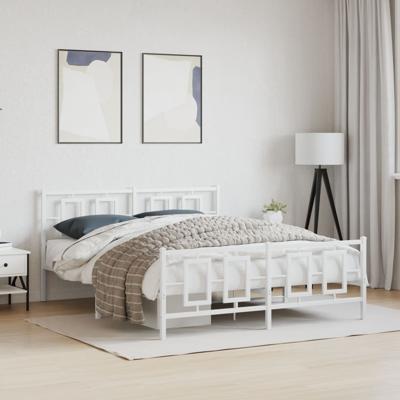 Bedframe met hoofd- en voeteneinde metaal wit 150x200 cm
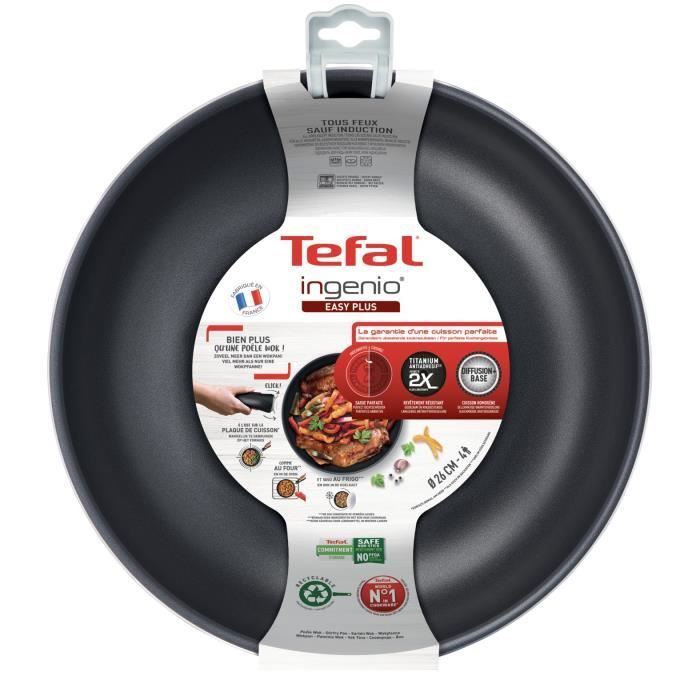 Tefal L1507702 Ingenio Easy Plus Wok 26 cm, Handle not included, non -stick, made in France, all lights except induction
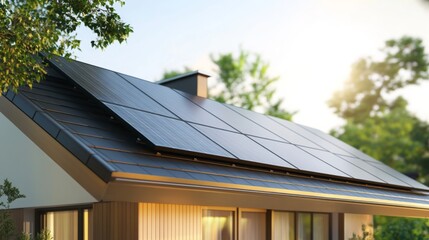 Fototapeta premium Solar panels installed on a modern house roof in a sunny outdoor setting near trees during the daytime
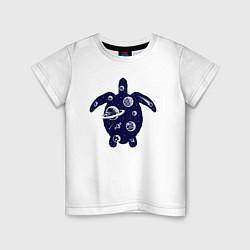 Футболка хлопковая детская Космическая черепаха, цвет: белый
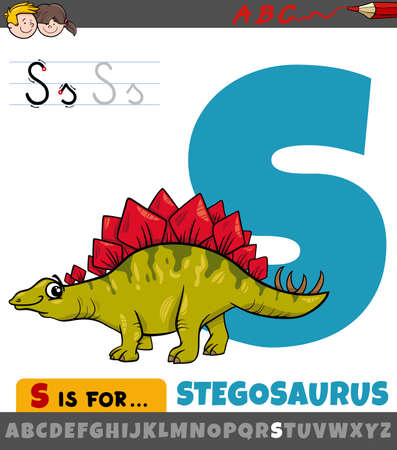 Educational cartoon illustration of letter S from alphabet with stegosaurus prehistoric animal characterのイラスト素材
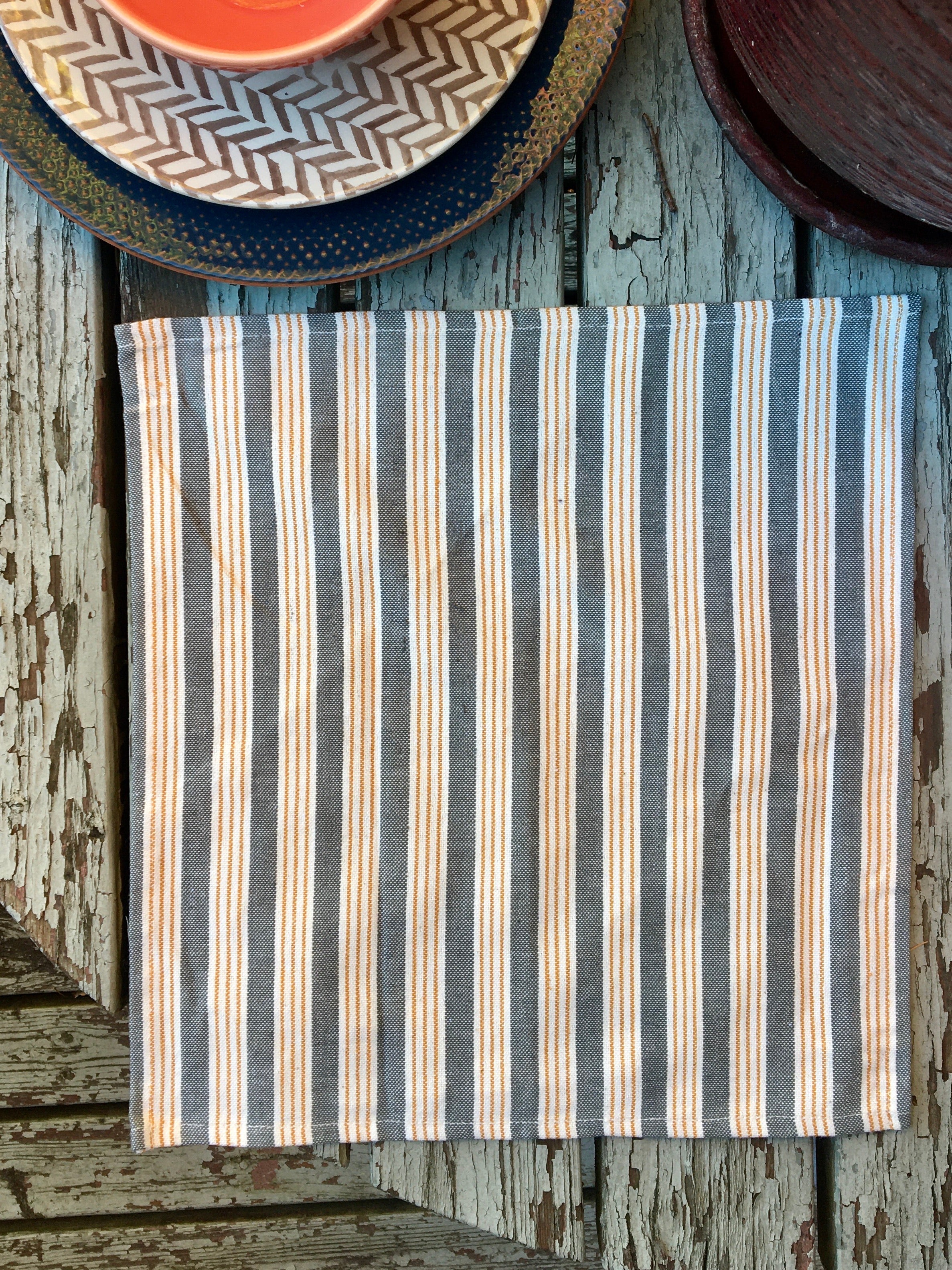 The Lunch Napkin in Autumn Stripe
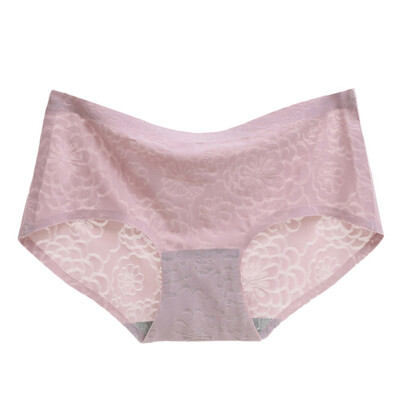 

Ice Silk Women Panties Seamless Comfortable Sexy Mid-Waist Underpants Jacquard Pressure Side Ladies Briefs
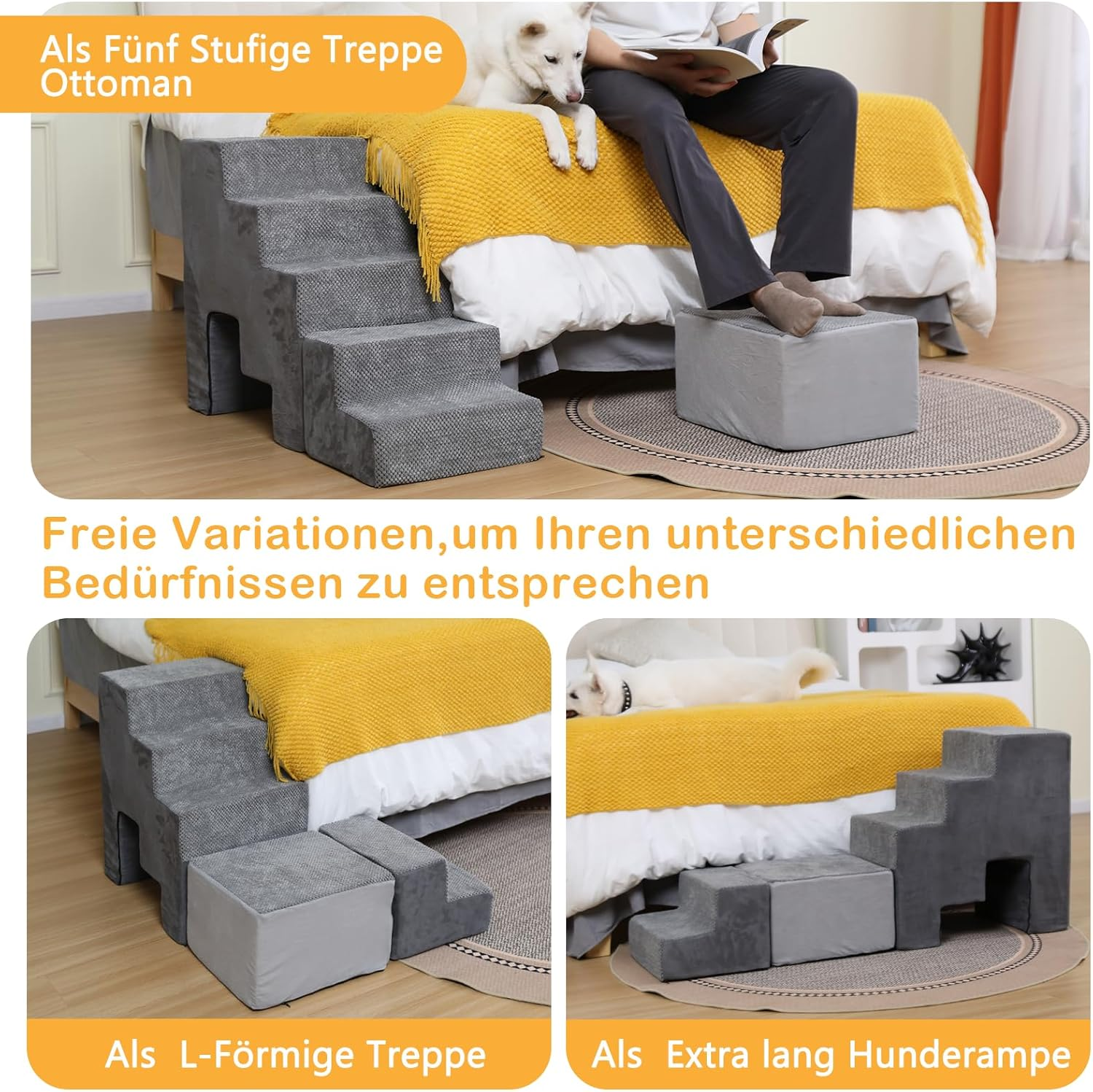 A.FATI Dog Stairs for Bed 60 Cm High, 5 Steps Dog Ramp for Box Spring Bed, Non-Slip Pet Stairs 60 Cm High for Small/Injured Dogs, Cats, Cat Stairs for Old Cats, Colour in Grey image number 4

#### [Problem]
Please transcribe exactly the part of the records that opens with the line containing "Educational cartoon illustration" and closes with the line containing "Ice Silk Women", both ends included, and leave out the pictures.

#### [Reply]
 Educational cartoon illustration of letter S from alphabet with stegosaurus prehistoric animal characterのイラスト素材
 The Lunch Napkin in Autumn Stripe

Ice Silk Women Panties Seamless Comfortable Sexy Mid-Waist Underpants Jacquard Pressure Side Ladies Briefs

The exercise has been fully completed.